Сомов посмотрел на Серегу: жалко тому телеграфную линию – это понятно, а разве Сомову не жалко? Прикинул: хватит этих обрывов или нет? Наверное, надо еще в одном-двух местах перерубить, будет надежнее.
Когда возвращались, ветер бил в лицо, норовил выстегать глаза, больно хлестал по щекам, вышибал слезы, залеплял льдистым крошевом ноздри, рот, мешал дышать. То и дело они останавливались, чтобы оттереть щеки, перевести дух.
Ветер пробивал одежду насквозь, тело выстуживал до костей, от него деревенели руки и ноги. Хотелось спрятаться куда-нибудь, но куда забьешься в чистом поле, под каким кустом схоронишься? Нет такого куста – поле голо, как стол, не за что зацепиться и глазу.
Сомов шел первым и весь ветер брал на себя, Серега хотел обойти его, но он прибавил шагу, широко ставя свои на вид очень некрепкие ноги, заскользил на лыжах быстро, будто на собачьей упряжке ехал. Вот тебе и «кашлюн», к морозам и лешачьим ветрам не приспособленный. Быстро шел Сомов, несмотря на то что дыхания не хватало, горло стискивал холодный, жесткий обруч. Примерно за полверсты до села остановились. Сомов отер слезившиеся глаза варежкой, потом, сняв их, стал совать пальцы по очереди в рот, отогревая.
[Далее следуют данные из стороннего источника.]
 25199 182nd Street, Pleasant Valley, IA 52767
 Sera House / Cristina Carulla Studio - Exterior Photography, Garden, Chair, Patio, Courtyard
– Глянь-ко, что там в Малыгине деется. Ты поглазастее меня… Есть там флаг иль нет?
Сельсовет находился на взгорке, виден был хорошо, над дранковой старой крышей трепетал маленький алый лоскут.
– Есть флаг, – сказал Серега.
Кивнув удовлетворенно, Сомов опять тронул варежкой глаза, сощурился, бросил быстрый цепкий взгляд на село, словно бы проверяя Серегину зоркость, поймал глазами красное пятно – как огонь, полощется на ветру флаг. Можно идти, отряд ждет их.
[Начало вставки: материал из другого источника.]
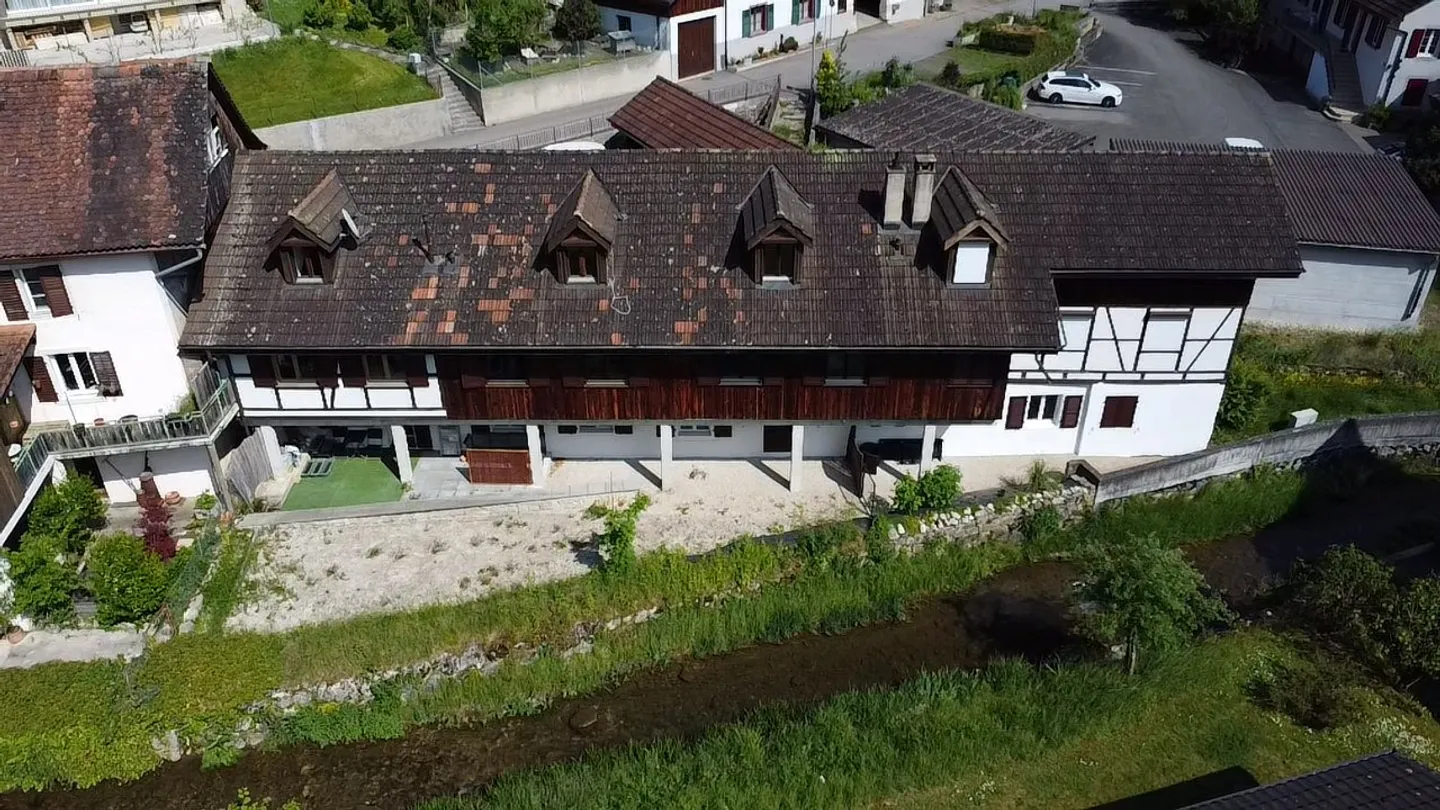 Edificio anglo-normanno ristrutturato - Foto 7 di 19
Двинулись. Сомов снова пошел первым. Когда приблизились к крайним амбарам – а они, как и охотничьи клети, навесы, под которыми сушат сети, кладовки для пушнины, мяса, кедровых орехов, рыбы, всегда выносятся на зады: так и хозяевам удобно, и защищают они жилье от ветра со снегом, – Сомов остановился, вытянул застывшую, в белесых пятнах шею, словно хотел выпростаться из своей худой шинельки, приподнял ухо у шапки, прислушался.
– Что-то уж очень тихо. А?
– Пошли, пошли! Небось обедают мужики, вот и ни стука ни грюка. Ложками чалдоны работают, – засмеялся Серега, двинулся первым к амбарам. Услышал, как сзади заскрипел снег – Сомов пошел следом. И правда, время-то обеденное, по домам сидят бойцы, да потом никак за эти краткие часы не мог уйти отсюда отряд, обязательно дождался бы их. Вон и знак – флаг, отсюда его очень хорошо видно, будто красное крыло неведомой птицы скребет серое небо: если б отряд оставил село, Карташов обязательно бы дал команду снять флаг. Если б не успел, кулаки все равно первым делом сшибли бы его из винтовки.
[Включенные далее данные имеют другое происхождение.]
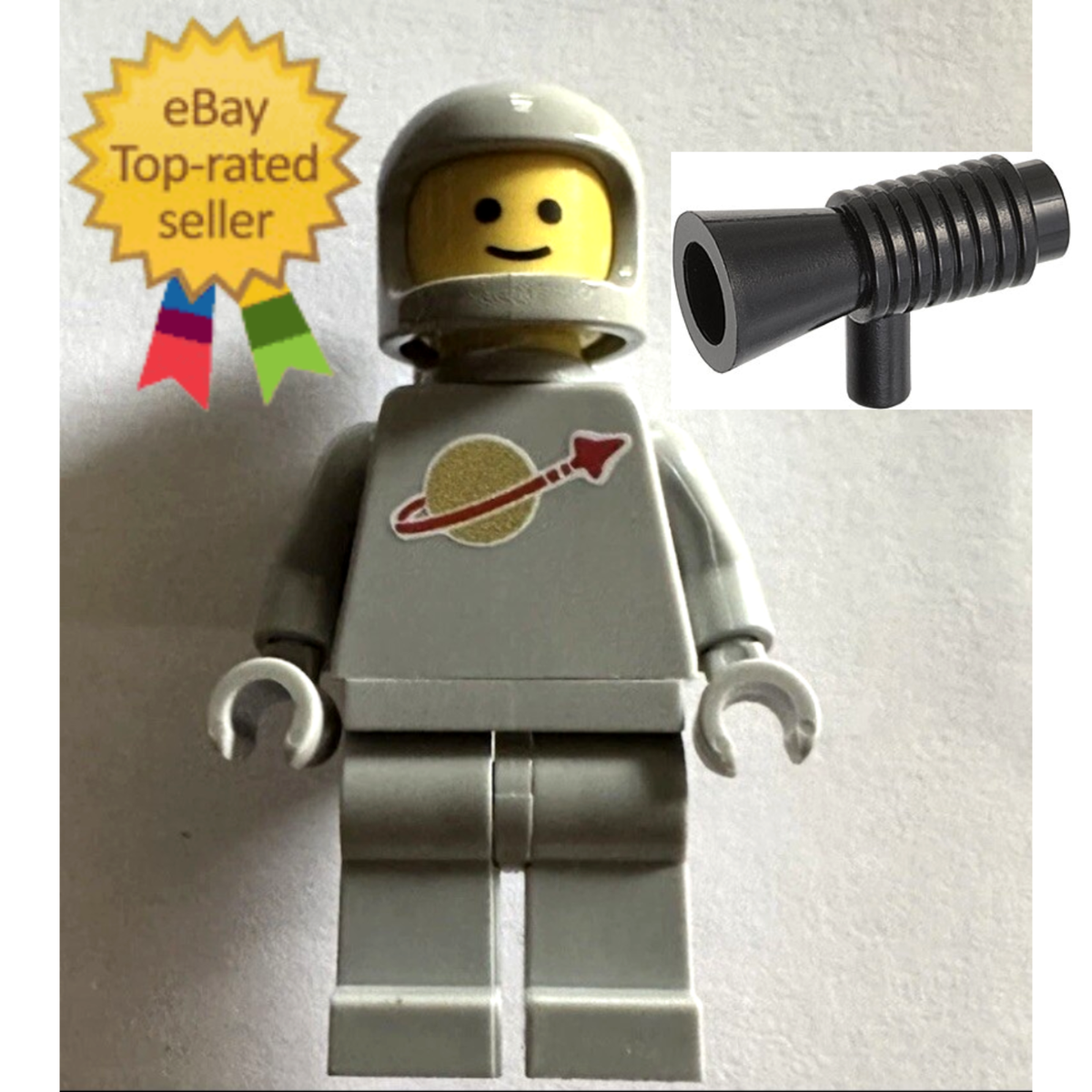 NEW* REAL LEGO Classic Spaceman Gray Astronaut Minifigure NEW* REAL LEGO Classic Spaceman Gray Astronaut Minifigure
Рассмеялся Серега счастливо и звонко – на душе было легко. Выполнили задание, вернулись живыми! Отогреют сейчас озябшие руки-ноги, съедят чего-нибудь горячего. Он даже подпрыгнул на месте, но заплелась лыжа за лыжу, и Серега упал в снег. Вскочил, отфыркиваясь от липучей снежной пороши, ожегшей лицо.
Поравнявшись с амбаром, Серега вдруг почувствовал опасность, завертел в тревоге головой, пытаясь понять, откуда же она идет, но ничего не увидел… Бывает так – вдруг мы начинаем ощущать какие-то странные и очень острые, хорошо различимые позывы тоски и боли, от которых в груди взбухает холодный ком, тяжело теснит сердце, и мы настораживаемся, прислушиваемся к этим позывным, к тревоге, и невольно хочется занять оборонительную позицию. Серега был знаком с этим ощущением, случалось и раньше: начинали колотиться какие-то молоточки в мозгу, тоска нарастала – и оказывалось, где-то уже затевалась деревенская драка, в которую Серега непременно попадал и приходил домой с расквашенным носом либо с фонарем под глазом. Или же это взрослые вели разговор о нем, подозревая в проступке, грозя отстегать таловыми прутьями. В общем, есть такое точно, – витают вокруг нас какие-то волны, частицы, флюиды, предупреждающие о приближающейся опасности.